GIVEN ENTRIES:
----------------------------------------

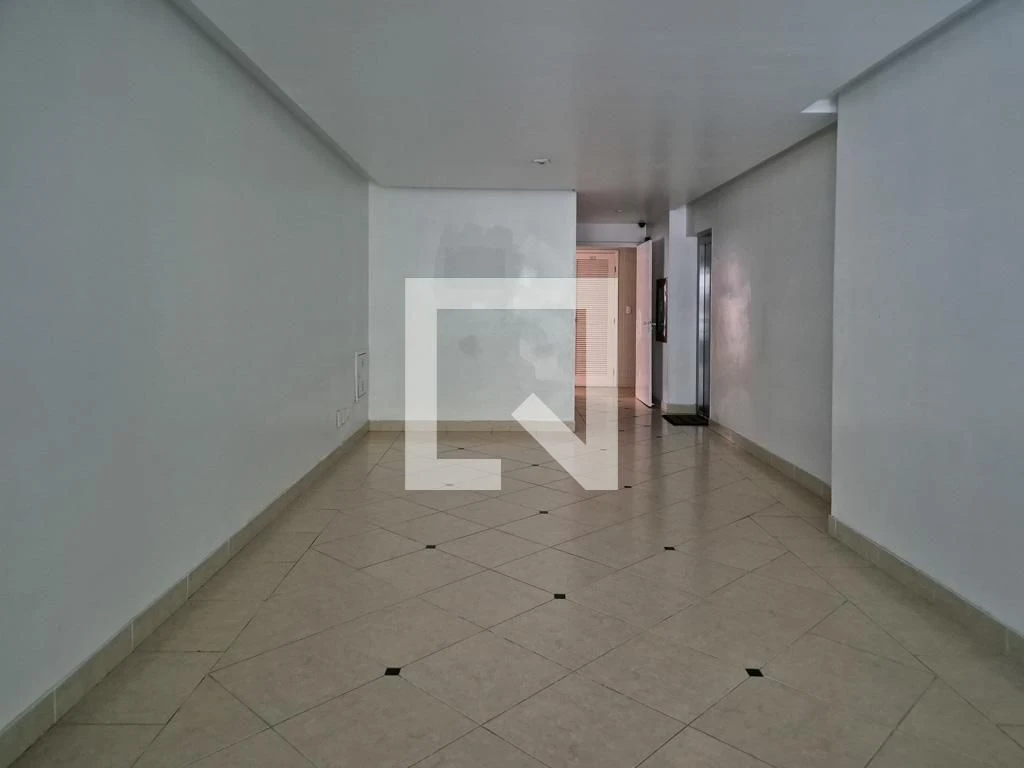 Furnished apartment with 5 en-suite bedrooms and terrace — photo 33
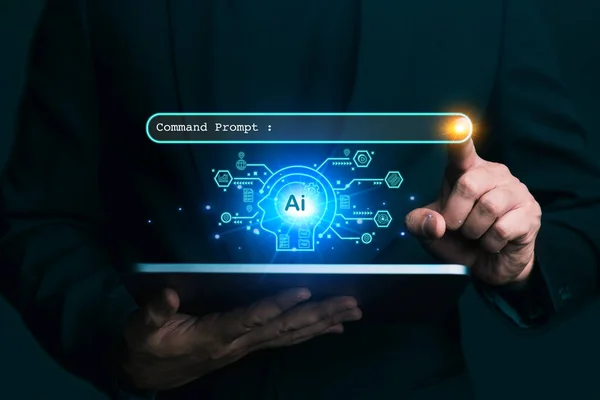 Ai技術 ビジネスマンはAi 人工知能との仮想グラフィックチャットを示しています コマンドプロンプトを使用して何かを生成し未来技術の変革を — ストック写真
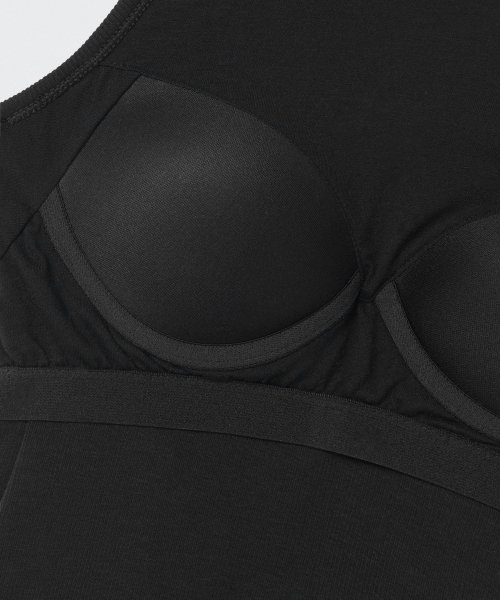 MUSINSA STANDARD WOMAN（ムシンサスタンダードウーマン）の「ウィメンズレーサーバッククロップブラタンクトップ[ブラック]（Tシャツ/カットソー・レディース・その他・SMALL/MEDIUM/LARGE/X-SMALL）」の6枚目の写真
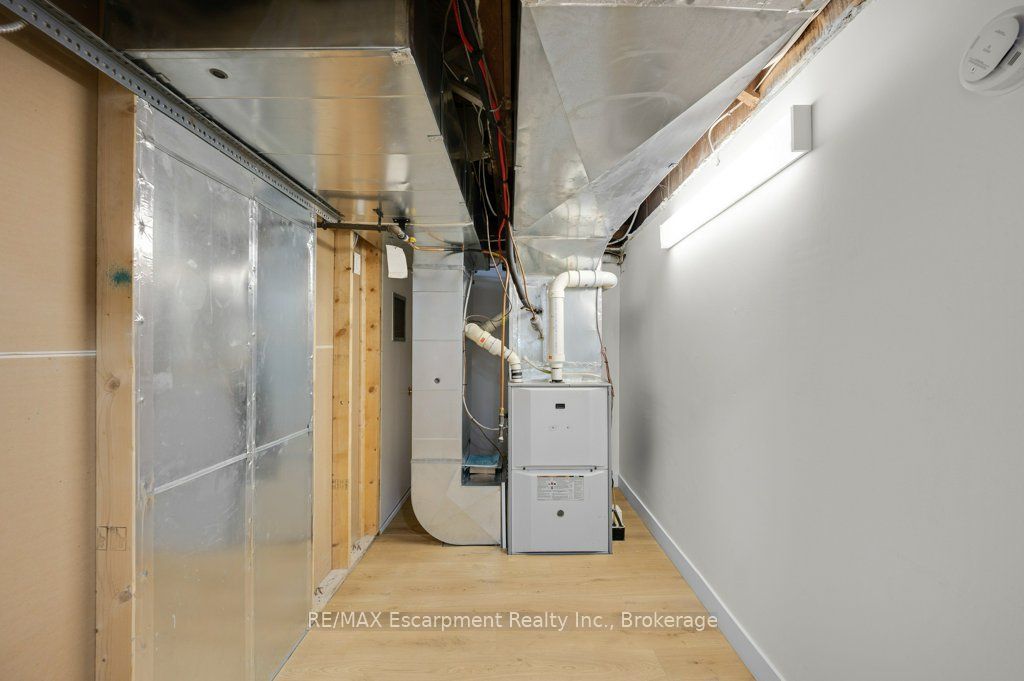 590 Barton Street E Property Photo 35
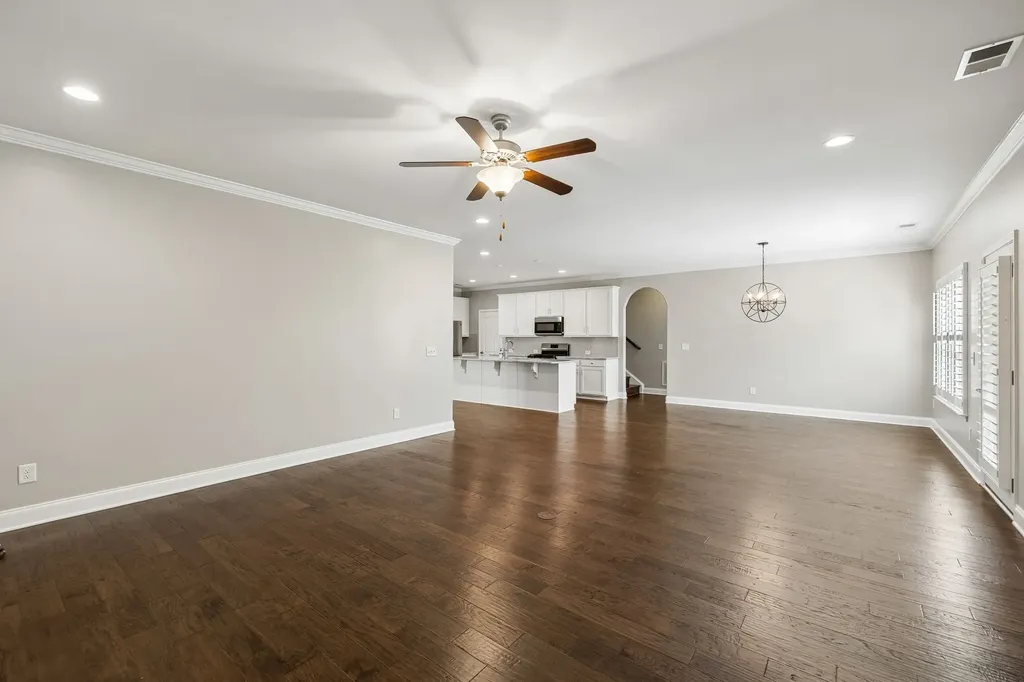 216 Meandering Drive Lebanon TN 37090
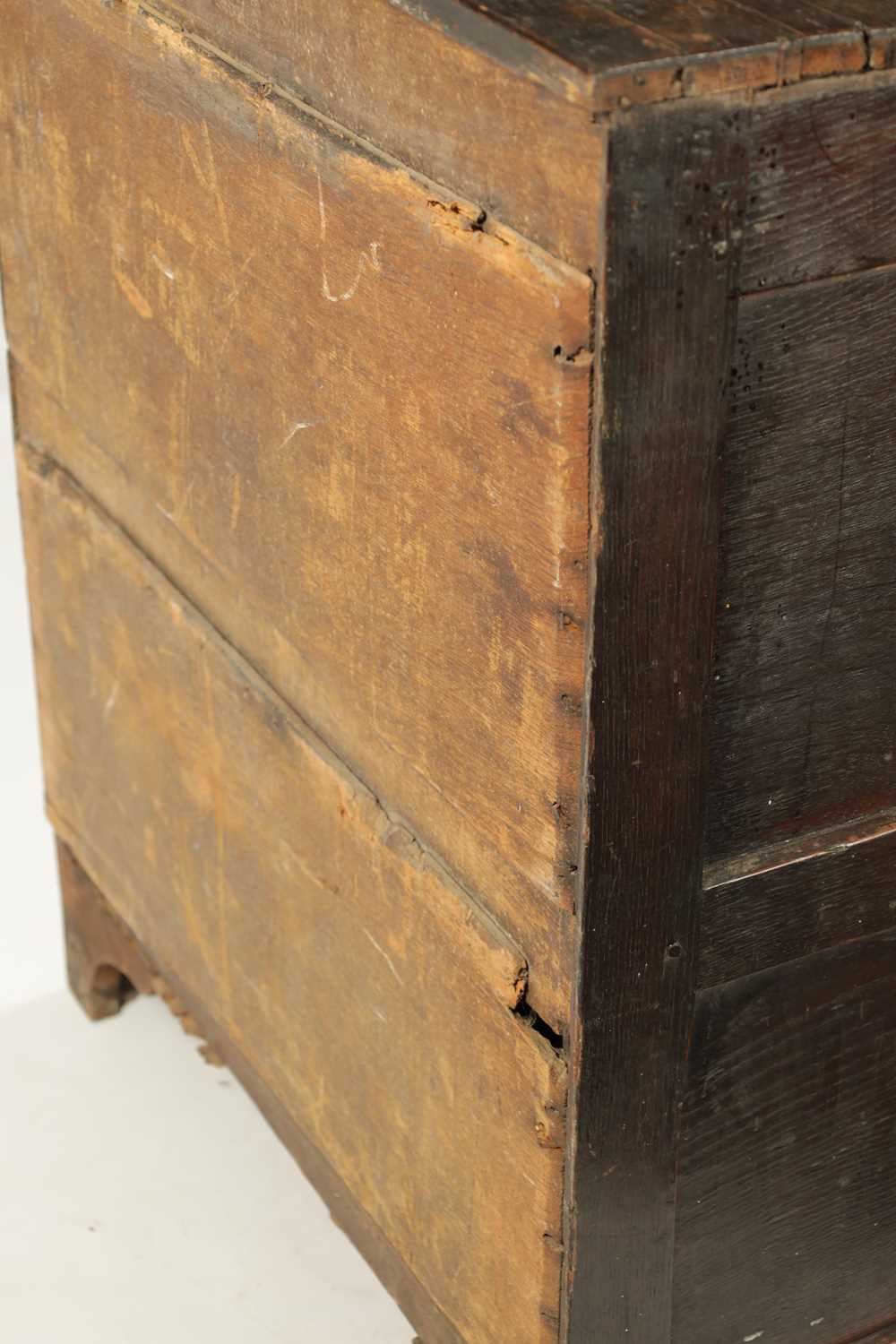 AN EARLY 19TH CENTURY OAK NORFOLK / SUFFOLK CHEST OF DRAWERS - Image 6 of 12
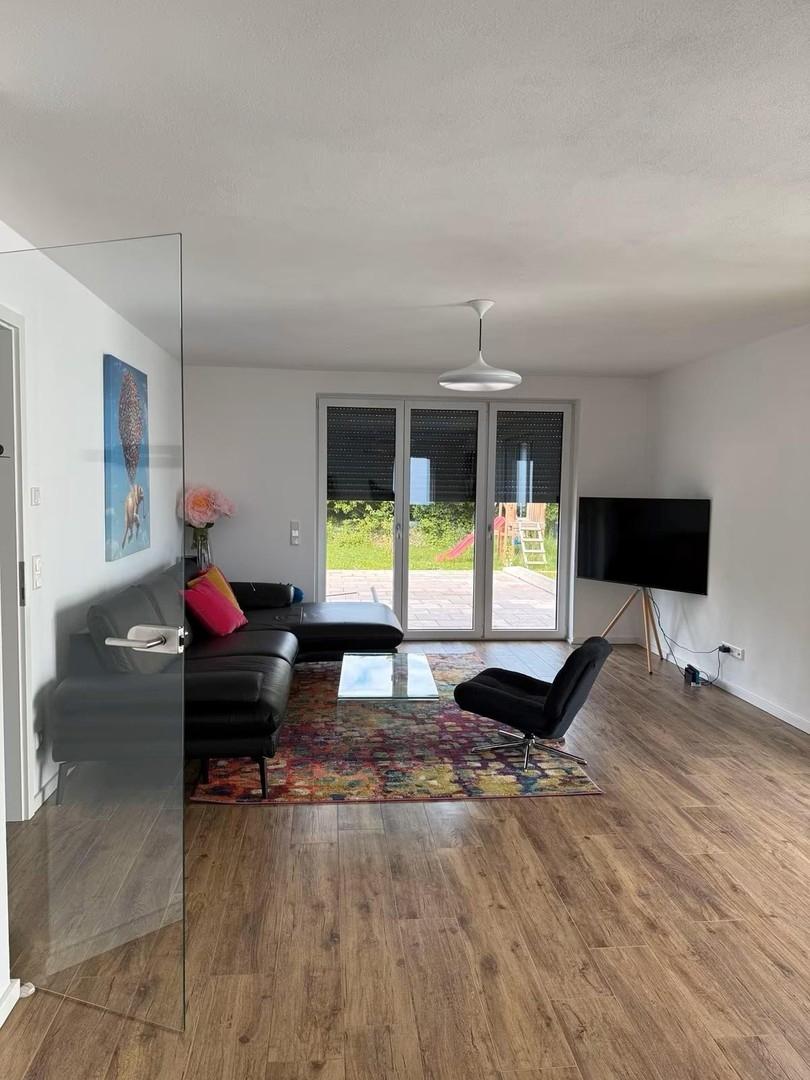 Wohnzimmer mit Terrassenblick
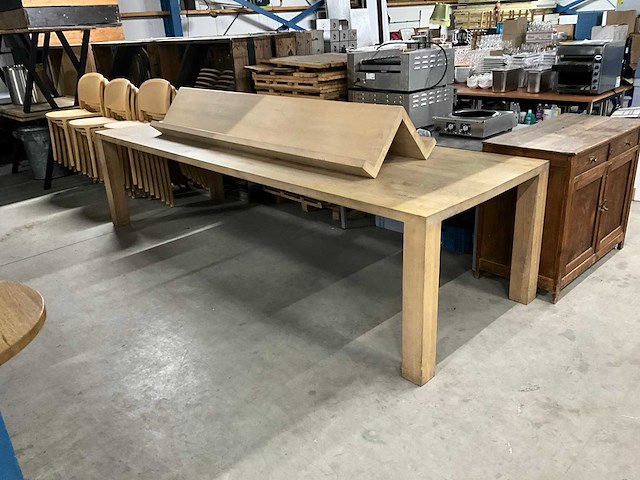 Eikenhouten restauranttafel - afbeelding 1 van  8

----------------------------------------

REQUIREMENT:
Reproduce the listing in full and exactly, excluding any pictures it holds.

PROBLEM SOLUTION:
 Furnished apartment with 5 en-suite bedrooms and terrace — photo 33
 Ai技術 ビジネスマンはAi 人工知能との仮想グラフィックチャットを示しています コマンドプロンプトを使用して何かを生成し未来技術の変革を — ストック写真
 MUSINSA STANDARD WOMAN（ムシンサスタンダードウーマン）の「ウィメンズレーサーバッククロップブラタンクトップ[ブラック]（Tシャツ/カットソー・レディース・その他・SMALL/MEDIUM/LARGE/X-SMALL）」の6枚目の写真
 590 Barton Street E Property Photo 35
 216 Meandering Drive Lebanon TN 37090
 AN EARLY 19TH CENTURY OAK NORFOLK / SUFFOLK CHEST OF DRAWERS - Image 6 of 12
 Wohnzimmer mit Terrassenblick
 Eikenhouten restauranttafel - afbeelding 1 van  8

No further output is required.